● **Goal of the exercise**
The stretch from the line with "545 Becky Ave E, Enumclaw, WA 98022 photo 15" through the line with "Lululemon Teal Active" in the records below: write it out exactly, and nothing else.

#### Material supplied ####

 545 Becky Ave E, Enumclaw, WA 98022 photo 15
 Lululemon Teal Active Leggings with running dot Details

####
#### Material supplied ####

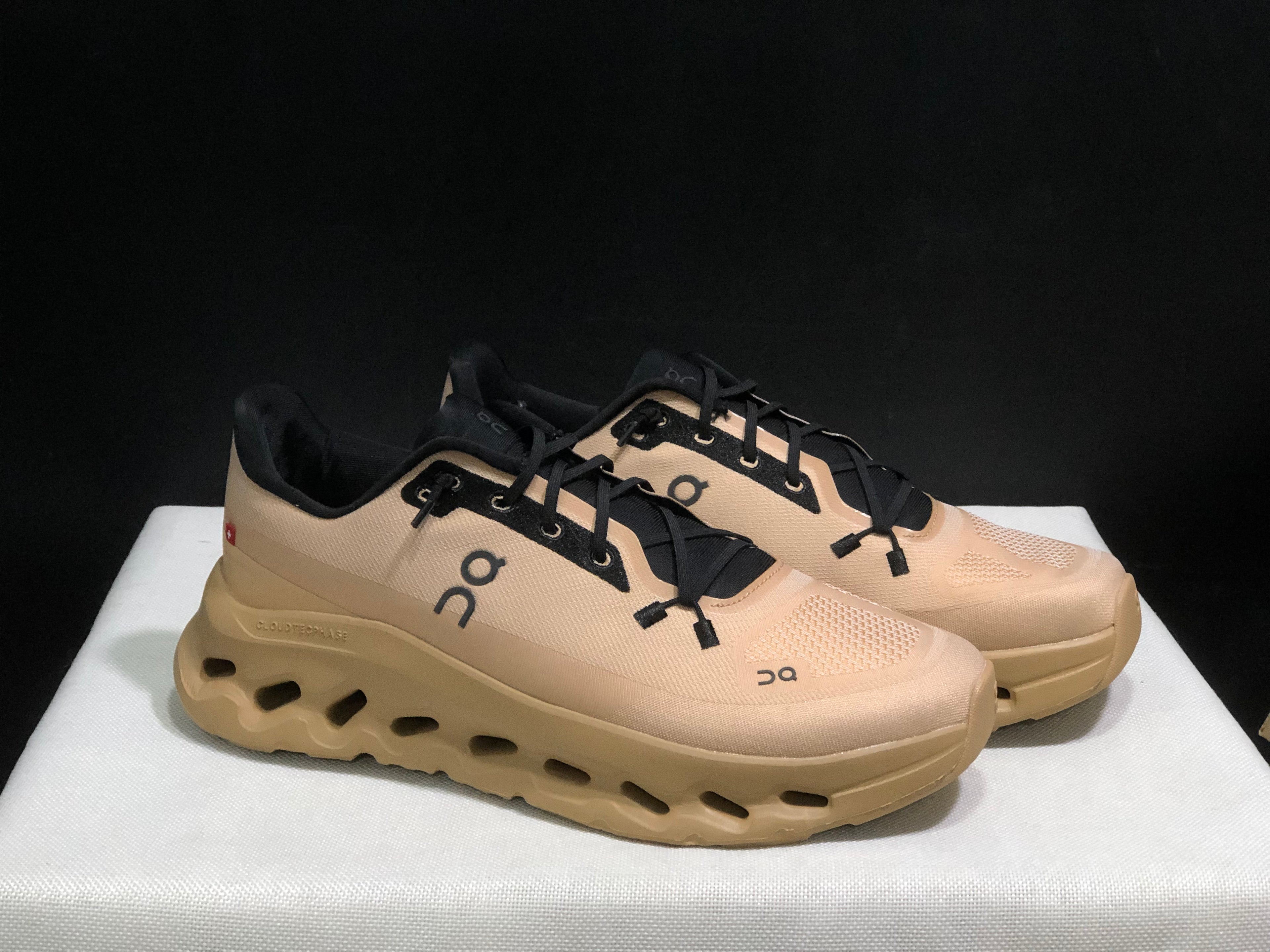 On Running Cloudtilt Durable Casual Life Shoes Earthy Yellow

####

● **Answer for this exercise**
 545 Becky Ave E, Enumclaw, WA 98022 photo 15
 Lululemon Teal Active Leggings with running dot Details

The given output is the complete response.